Farmers Plead ‘Stop Our Fields Flooding’ as Trump Opens Dams

Liam Archacki / The Daily Beast
Farmers Plead ‘Stop Our Fields Flooding’ as Trump Opens Dams The inflow to Lake Kaweah in Three Rivers, Calif., in 2021. Federal officials, acting on an executive order from President Trump, unexpectedly released water from the lake on Friday. (photo: Brain Melley/AP)

Trump gloated Friday about sending billions of gallons of water to southern California.

Officials in California have revealed that President Donald Trump nearly flooded the region’s farms when his administration tried to send an excessive amount of water south, a feat he bragged about on Friday.

“Today, 1.6 billion gallons and, in 3 days, it will be 5.2 billion gallons. Everybody should be happy about this long fought Victory!” Trump gloated in a Truth Social post.

Over the last month, the president has often pushed for more water to be directed to southern California to help fight the fires that have devastated the area.

Behind the scenes on Friday, though, officials told Politico that they had to talk down the Army Corps of Engineers after they were alerted on short notice about a sudden—and excessive—influx of water.

The Army Corps was set to turn two reservoirs to max capacity, a decision the agency later told Politico was in response to Trump’s directive that the federal government “maximize” water supplies.

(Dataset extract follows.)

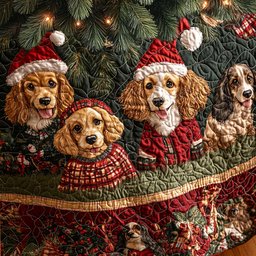 Spaniel Magic Quilted Christmas Tree Skirt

Victor Hernandez, who manages the water on a river in Tulare County, said he scrambled to alert farmers to the possibility of flooding before the Corps backed off. He said he was only given one hour’s notice.

“I’ve been here 25 years, and I’ve never been given notice that quick,” Hernandez said. “That was alarming and scary.”

After pushback from multiple officials, including Hernandez, the Army Corps agreed to release the water at one third of the originally planned speed, Hernandez said.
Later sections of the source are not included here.